Grief is not new to me, having lost my dad very suddenly and at an early age, but this experience feels akin to landing on a different planet in the same solar system. Grief is a vast wilderness, I suppose, and everyone’s landscape is populated uniquely. That’s part of why grieving can be so damn lonely; you can talk about it, describe it, point at it, express your dread, your despair, but ultimately, grief is a solitary endeavor. We each walk through and with our grief alone. 

At the same time, we are never the only ones engaged in the act of grieving, even as our individual grief is particular to us. We can always offer to accompany others as they journey through grief, sit and bear witness to the strange and painful communion that grieving demands. As any of us who have been granted such tenderness in such a primally raw time of life know, nothing makes a difference quite like presence given without expectation when you are so very badly in need of help. To have someone hold my hand as I make my way through a brand-new, daunting landscape is the greatest gift I have known. 

What I’m saying is; in all of the hustle and bustle, remember to check on your people. Let the ones who are missing someone, or whose lives have been otherwise disrupted by unexpected or difficult change know that you are thinking of them.

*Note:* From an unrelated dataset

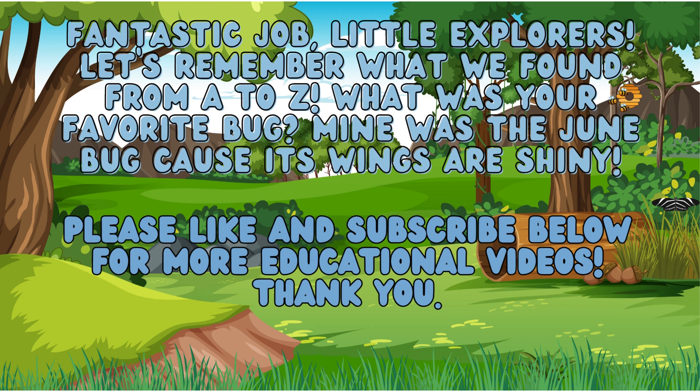Fantastic job, Little Explorers! Let's remember what we found from A to Z! What was your favorite bug? Mine was the June bug, cause its wings are shiny! Please like and subscribe below for more educational videos! Thank you!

You don’t have to know exactly what to say—none of us do!—I simply try to remind myself that I’d prefer to say something over nothing and try to reach out in a way that does not oblige a response, sometimes even going so far as to spell that out (“Please don’t feel obligated to reply to me! If you heart this text, I’ll know it’s okay to send more.”)

Anyone who knows me knows that I love baby animal and baby human photos; folks will often text them to me or send them via Insta. In the past few difficult months, this seemingly simple gesture has often gotten me through the day, reminding me that I am not alone: I am thought of, I am loved, I am cared for, and there are precious and good things in this world that are my birthright as much as anyone else’s.

Merry Christmas, Happy Hanukkah, Amen.